I see, thank you for the quick response. And are the accumulated and instantaneous data released through CDS at 18Z and 21Z, respectively, or is there some specific lag (computational) time for each?
Luiz Angelo Steffenel
Did someone found a simple way to get rid of expver dimension, or at least to filter out Era5 and Era5T data on mars scripts? As Alberto told, this is breaking a lot of codes. In my case, I download Ozone Total Column in a "monthly" base to automatically generate maps with NCL. However, the presence of expver adds a dimension that NCL can't understand, and I can't get rid of it (could not find an easy way: I can remove the expver variables but the dimension remains).
Hi, is there a solution to removing the expver dimension? I have the same situation with the November, 2020 data and it is messing up all my codes which works perfectly on data from 2003 till date. I will really appreciate the help if anyone knows a way to achieve this. Thanks
At the moment i think the easiest way is to retrieve the ERA5 and ERA5T data in separate requests, by careful selection of the dates. In this way you would get 2 netCDF files without the 'expver' dimension which you can then merge if required,
If you are looking for a Python workaround, you can use Xarray function reduce(np.nansum, 'expver'). In this way you can collapse the dimension summing each other the two expver arrays, that perfectly match (the one is NaN when the other got a value). I know that it isn't politically correct, but with 1 row you avoid tons of code stop working.

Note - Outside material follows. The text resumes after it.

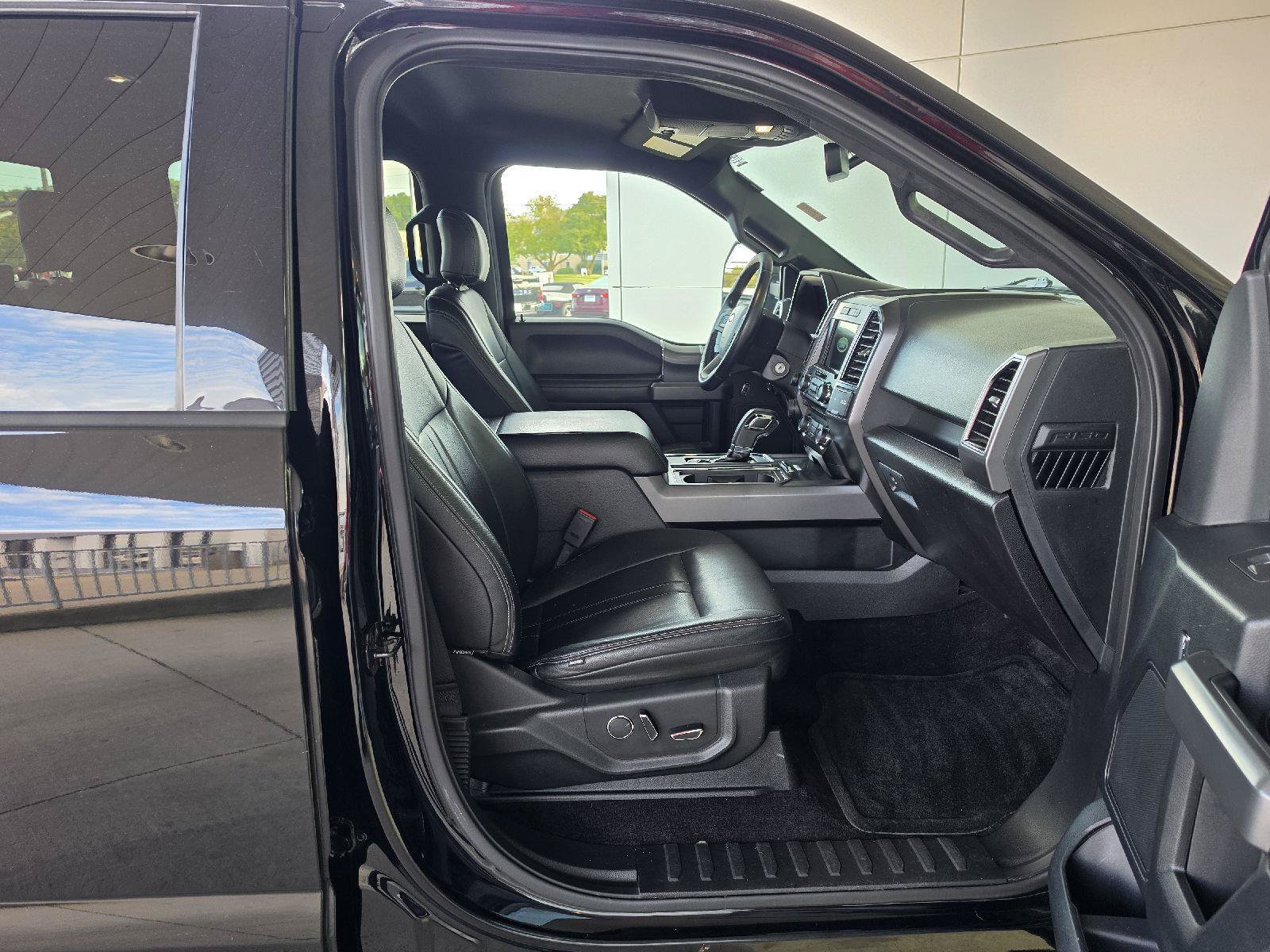 Used 2017 Ford F150 XLT w/ Equipment Group 302A Luxury AWD/4WD image 7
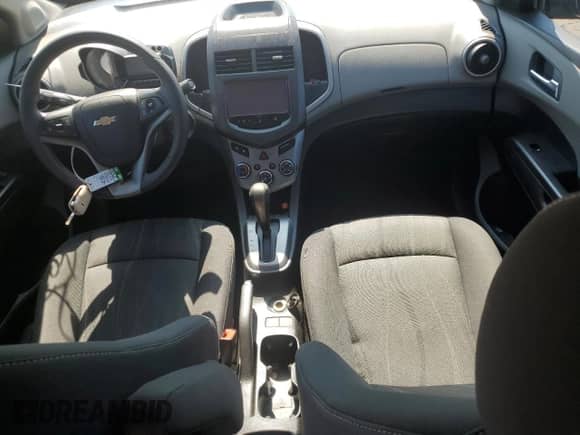 2016 Chevrolet Sonic LT с VIN 1G1JC5SB0G4182317, выставлен на аукционе Copart как лот 67920034 с пробегом 55 678 миль миль и Списание • Salvage title. История ставок и продаж доступна на DreamBid. Изображение 8.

Thank you all for the helpful responses. I appreciate the suggestion marco venturini. That is a solution I can work around.
cdo --reduce_dim -copy in.nc out.nc
worked well for me and it removed expver dimension
this will do the trick
import xarray as xr
ERA5 = xr.open_mfdataset('era5.tp.20200801.nc',combine='by_coords')
Thank you for sharing, Jian Tang. It worked smoothly and seamlessly. You just save me from days of sleepless nights.
Just downloaded ERA5 data (ssrd) for March 2022 and the "expver" seems to be gone. Is this going to be gone for good? The problem is that when the number of dimensions vary over time, it is difficult to find a coherent way to process the data.
March 2022 has no "expver" because there are only ERA5T data.
How come? I thought there was only a 5 -day lag or am I misunderstanding something here?
I'm looking at a 10m u component of wind .nc I just downloaded for 2022. It has the expver dimension all right. But the values aren't all NaN. The expver 5 values start as NaN. Then at 2022-02-13 02:00 the values all become -1.7. They stay that way until they transition to sensible values at 2022-05-01 00:00. Then the expver 1 values become -1.7.
I guess my question is how can I tell when to use the value from expver 1 and when to use expver 5? Detecting NaN seems to not be sufficient.
hi John, Can you share the request you used to retrieve the data, please?
Hi, try this. The transition from expver 1 to 5 in the resulting netcdf file was at time index 3625. I used Panoply to view it.
'month': ['1', '2', '3', '4', '5', '6', '7'],
'day': ['1', '2', '3', '4', '5', '6', '7', '8', '9', '10', '11', '12', '13', '14', '15', '16', '17', '18', '19', '20', '21', '22', '23', '24', '25', '26', '27', '28', '29', '30', '31'],
Thanks for reporting this; I think this may be an issue with the grib to netCDF converter due to the size of the request. In this case, if requesting netCDF it may be better if you just request 1 month at a time (although months containing a mix of era5/era5T will need careful handling as only these will have the 'expver' dimension)
Hope that helps,
expver is used to tell the difference between the initial release (expver=5, called ERA5T) and validated ERA5 data (expver=1). See the link below for details.
ERA5: data documentation#Dataupdatefrequency
In most cases, ERA5 is identical to ERA5T. Therefore, if you spot any unusual behaviour, please let us know.